Die Landeshauptstadt Wiesbaden kann bereits auf Erfahrungen mit einer Waffenverbotszone verweisen. Dabei reicht der Verbotsumfang von Gegenständen innerhalb der Wiesbadener Waffenverbotszone weiter als derjenige des Waffengesetzes, erläuterte eine Sprecherin der Stadt. So wurden beispielsweise bei Kontrollen Menschen angetroffen, die gefährliche Gegenstände wie Zimmermannhämmer oder Eisenstangen mitführten, ohne dass sie diese etwa im Rahmen einer beruflichen Tätigkeit brauchten. «Vorrangiges Kontrollziel sind Personen, die sich häufiger und über längeren Zeitraum innerhalb von Gruppen in den betroffenen Bereichen aufhalten», hieß es. Die Waffenverbotszone entfalte entsprechend nur begrenzt Wirkung im Bereich der Schwerkriminalität.

Stadt- und Landespolizei sehen die Wiesbadener Waffenverbotszone aus sicherheitspolitischer Sicht als großen Erfolg, hieß es. Bei den Kontrollen seien erhebliche Waffenfunde gemacht worden. So wurden im vergangenen Jahr bei insgesamt 141 Einsätzen 45 Sicherstellungen vorgenommen. Meist habe es sich bei den sichergestellten Waffen um Messer verschiedensten Typs gehandelt. Eine abschließende Bewertung stehe aber noch aus. Eine Evaluation mit externen Experten sei nahezu abgeschlossen. Dieser Gesamtbewertung solle noch nicht vorgegriffen werden.

In Kassel werde derzeit geprüft, ob beziehungsweise in welcher Form in der Stadt eine oder mehrere Waffenverbotszonen eingerichtet werden können, teilte ein Sprecher mit. «Dazu steht die Stadt Kassel im engen Austausch mit der Landespolizei. Ein abschließendes Ergebnis liegt noch nicht vor», erläuterte er. Grund für entsprechende Überlegungen seien tendenziell steigende Straftaten in bestimmten Bereichen des Stadtgebietes und damit eine potenzielle Gefahr für die öffentliche Sicherheit und Ordnung. «Die zuständigen Stellen prüfen daher aktuell unter anderem anhand der Auswertung der Kriminalstatistiken, ob die Ausweisung einer Waffentrageverbotszone probeweise sinnhaft ist.»

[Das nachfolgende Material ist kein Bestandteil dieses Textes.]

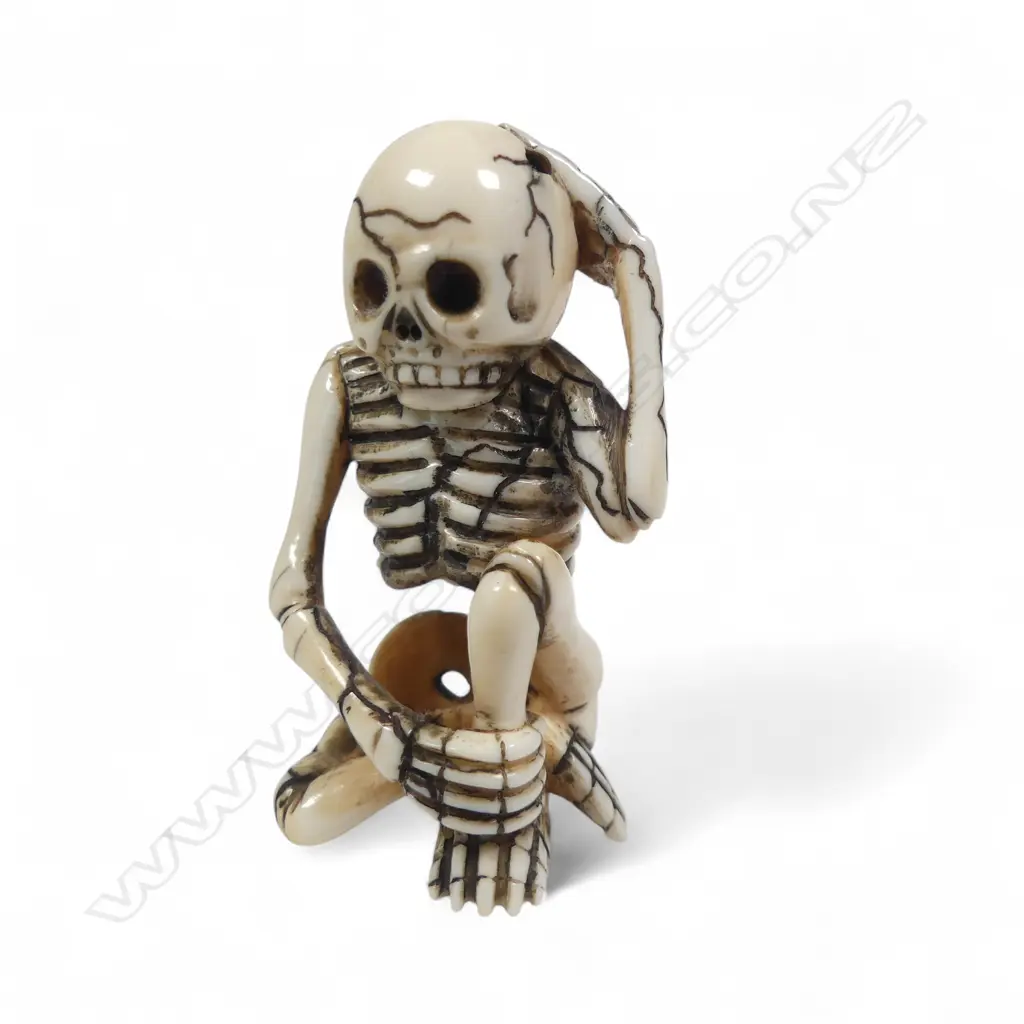 Japanese ivory netsuke of a skeleton, humorously rendered sitting cross-legged with one hand to his skull the other clasping his ankle,  signed to the foot 'Matsuyama'. H.55mm Image 1++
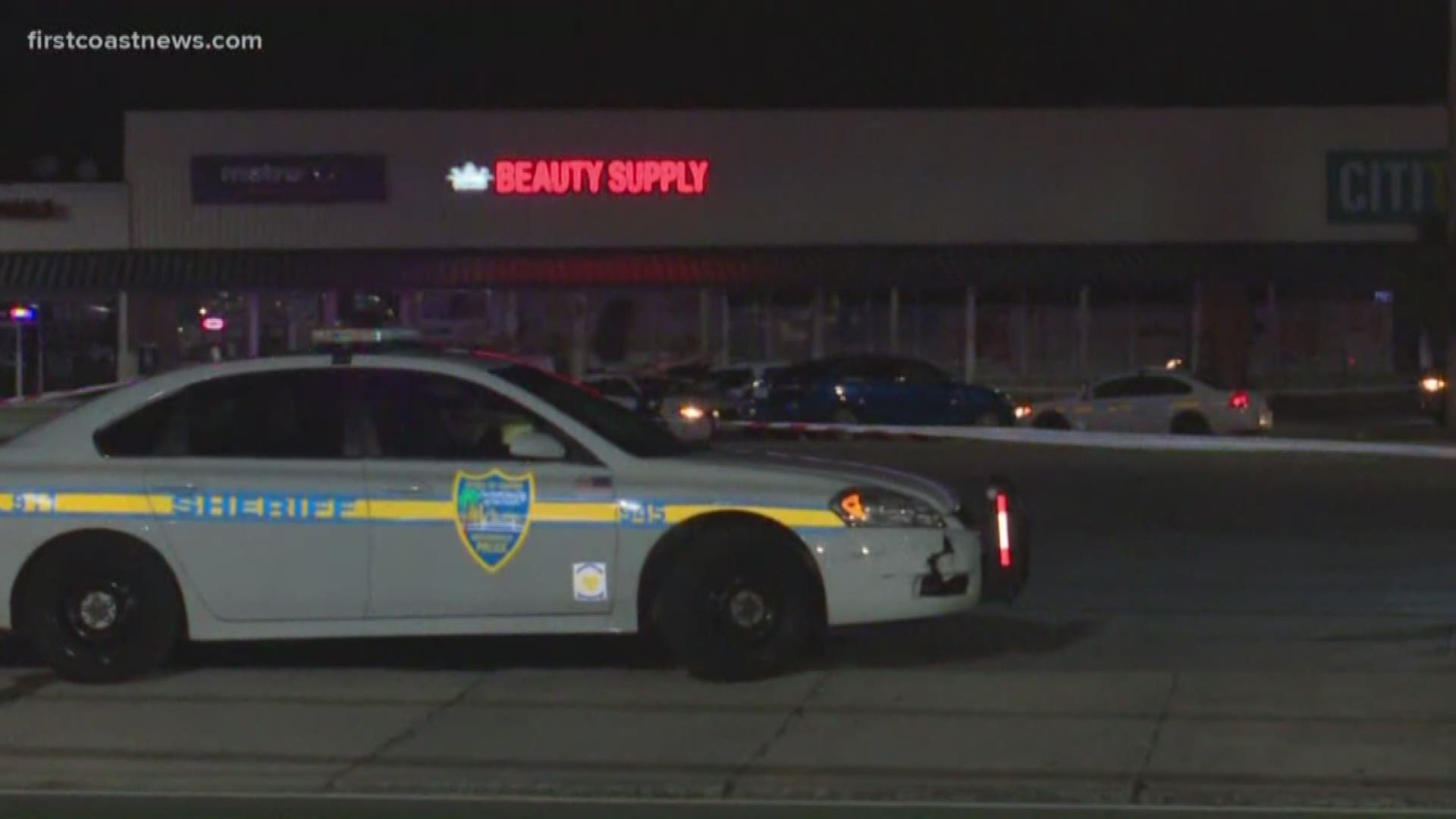 A man was shot dead inside a vehicle at a Jacksonville shopping plaza while two juveniles sat in the backseat.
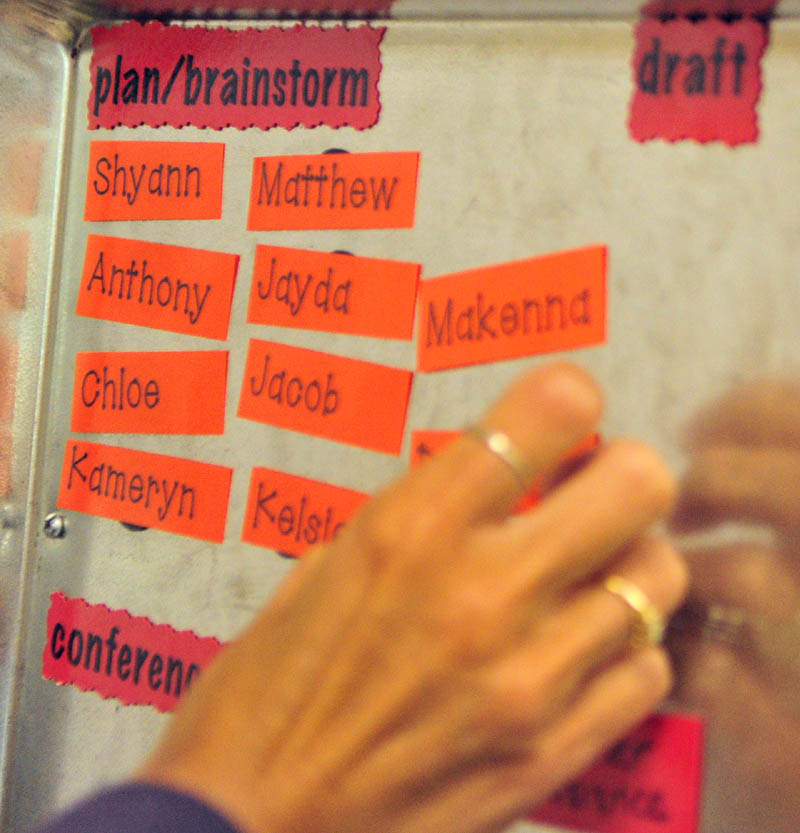 Third-grade teacher Erica Atkinson puts students' names on a magnetic writing-status board as she readies her classroom on Tuesday at Dresden Elementary School.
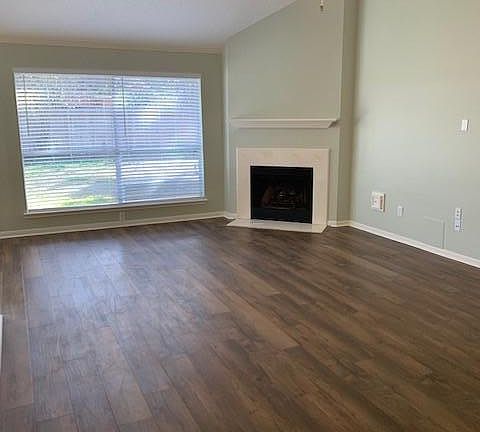 Family Room with gas fireplace, breakfast room to left.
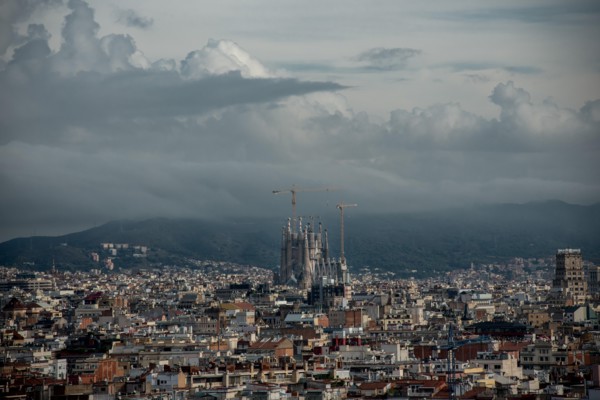 General view of Barcelona city with the Sagrada Familia emerging between the buildings.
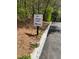 Community speed limit sign posted near a road and greenery at 1800 Clairmont Lk # A719, Decatur, GA 30033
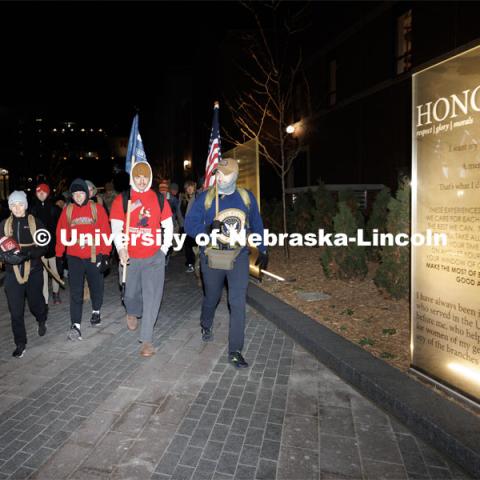 Ruck Marchers begin the march going through the Veterans Tribute. From left is Midshipman Abby Thibodeau, Midshipman Gabrielle Martinez, UNL alumni and veteran Connor Williams and Midshipman Cohan Bonow. Nebraska students and veterans march from Memorial Stadium Wednesday morning. "The Things They Carry" ruck march involving military and veteran students from Iowa and Nebraska. To raise awareness about veteran suicide, through the week, the students walk in 20-mile shifts carrying 20-pound backpacks to commemorate the estimated 20 veterans who die by suicide each day. November 15, 2022. Photo by Craig Chandler / University Communication.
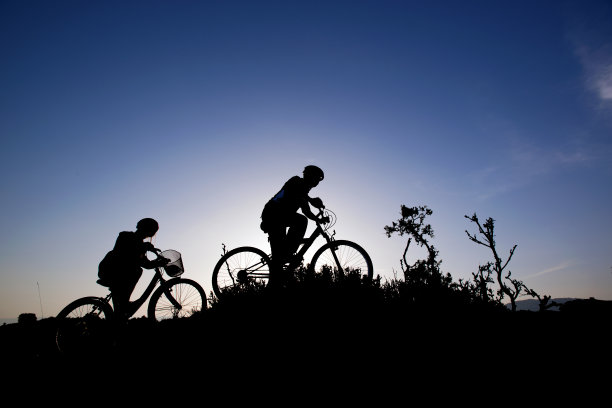 日落时分，年轻人和女孩骑着山地车图片下载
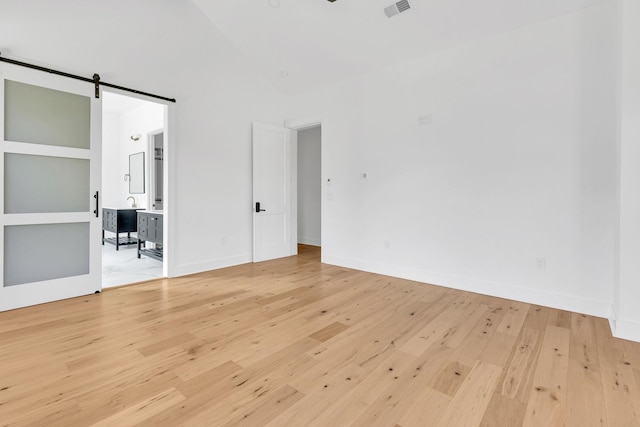 164 Triangle Pine Rd, Fountain Inn, SC 29644 - unfurnished bedroom with light wood finished floors, a barn door, high vaulted ceiling, and connected bathroom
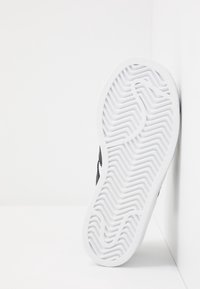 Baskets noires montrant une semelle en caoutchouc texturée avec un motif en chevron, des bords blancs et un design épuré, vues par le dessous.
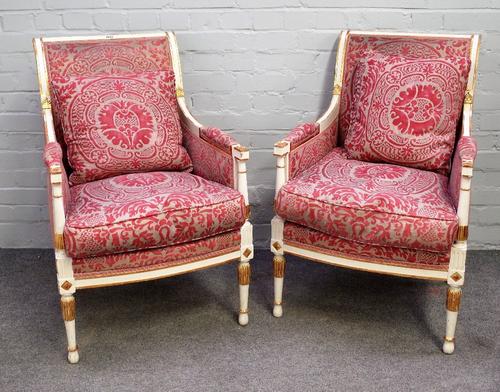 A pair of cream painted parcel gilt square back fauteuils of Louis XVI design, 58cm wide x 90cm long.
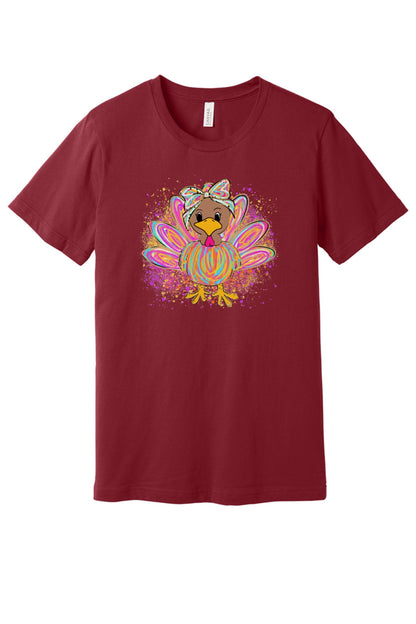 Colorful cartoon girl turkey with bow and tie-dye swirl feathers printed on a unisex Thanksgiving tee in Cardinal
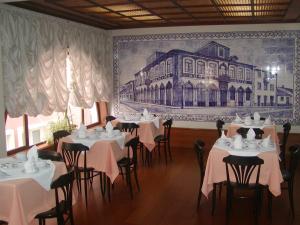 une salle à manger avec des tables et des chaises et un tableau mural dans l'établissement Luso Brasileiro, à Póvoa de Varzim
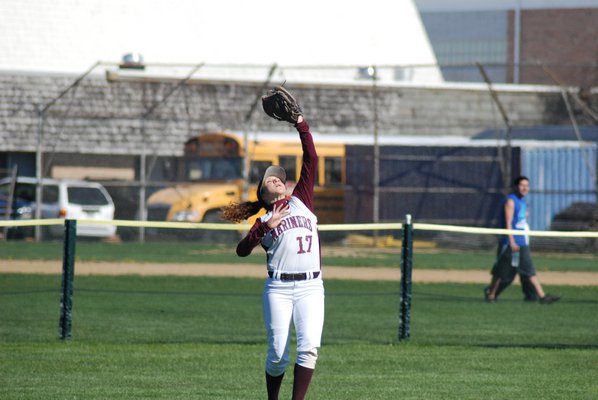 Senior Lady Mariner Jenna Hegel makes a catch in left field. By DREW BUDD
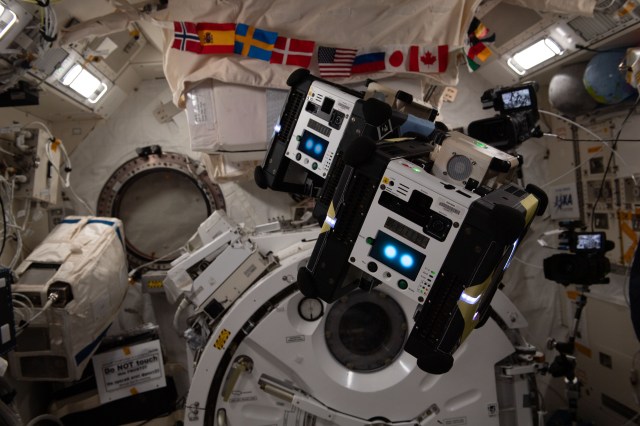 iss070e038773 (Dec. 13, 2023) --Two free-flying robotic helpers, Astrobee, float in microgravity. The robots are designed to help crews aboard the International Space Station complete daily tasks and reduce the time spent on routine duties.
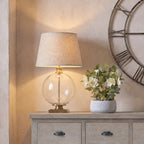 Table lamp pictured lit on a grey timber sideboard beside white flowers in a grey pot, beneath part of a large open-face wall clock.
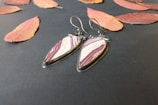 A pair of teardrop-shaped earrings with maroon and white stripes is placed on a dark textured surface surrounded by scattered autumn leaves in shades of orange and red. The earrings have metal hooks and an elegant, polished look.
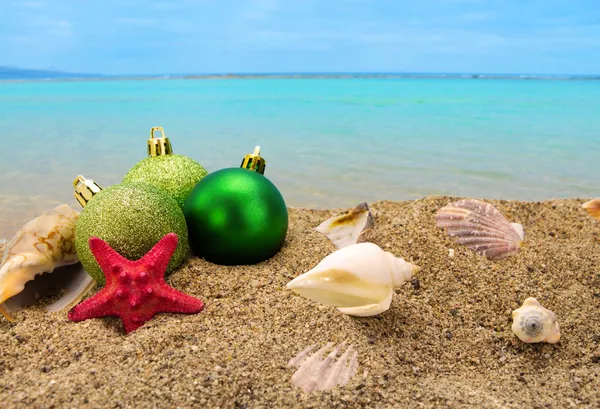 Bolas y conchas navideñas sobre arena con fondo marino de verano —  Fotos de Stock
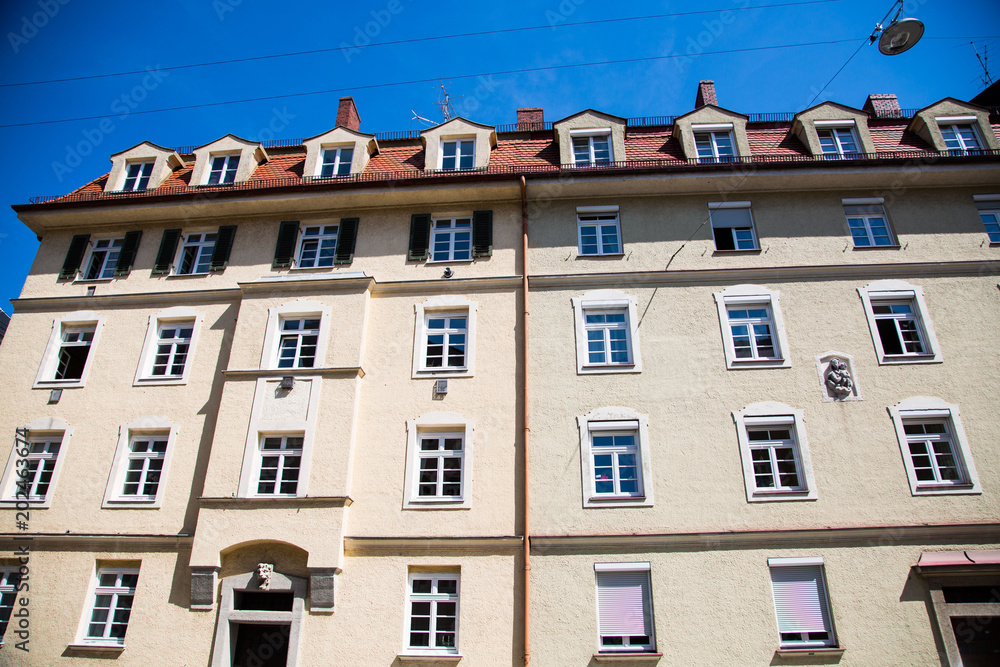 Residential houses in Munich, beautiful residential area, blue sky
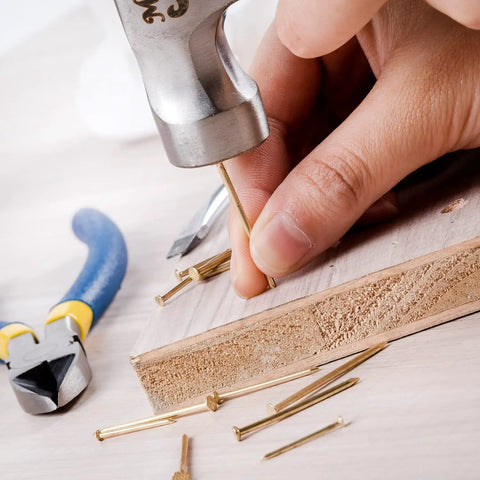 Hand using hammer with Gold Finish Nail Kit With 600 Nails In Four Sizes For Picture Hanging And Woodworking Includes Finishing Nails.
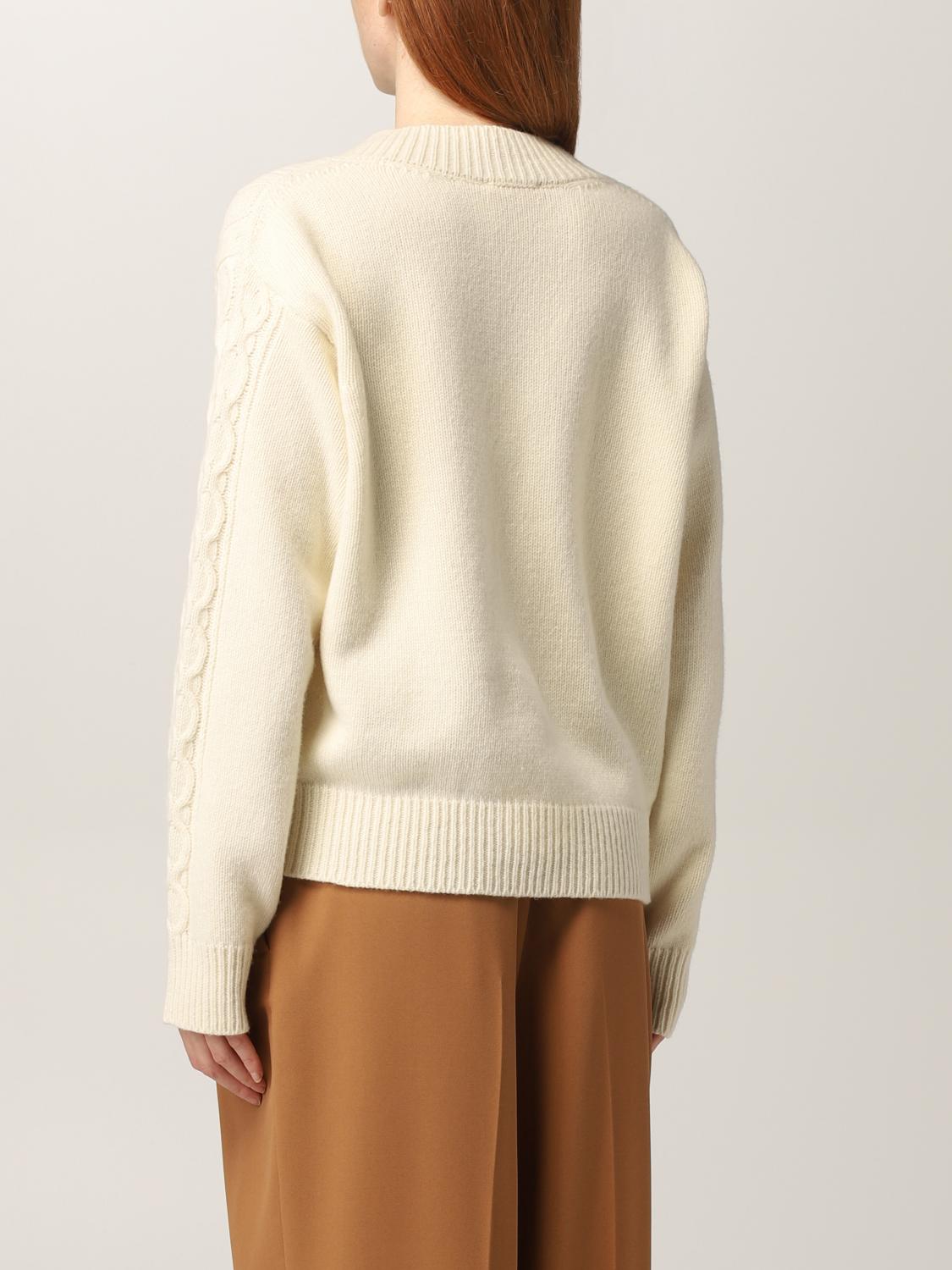 white boxy sweater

In Darmstadt hingegen gibt es aktuell keine Diskussion über eine Waffenverbotszone. Für den Luisenplatz im Zentrum der Stadt wurde aber zur Kriminalitätsprävention eine Videoüberwachung installiert, so ein Sprecher. Aufgrund der dort festgestellten Fallzahlen lässt sich der Platz nach Auffassung der Polizei als Kriminalitätsschwerpunkt definieren. Der Magistrat hatte erst Ende August eine Fortsetzung der nicht unumstrittenen Überwachung beschlossen.

Unumstritten ist die Entscheidung für eine Frankfurter Waffenverbotszone nicht. Grüne und Linke etwa fürchten «Racial Profiling» in dem Viertel mit Menschen aus weit über 100 Nationalitäten. Als «Racial Profiling» bezeichnet man die Entscheidung für polizeiliche Maßnahmen aufgrund des Erscheinungsbilds von Personen - etwa aufgrund der Hautfarbe. Die Gewerkschaft der Polizei hat diese Vorwürfe energisch zurückgewiesen.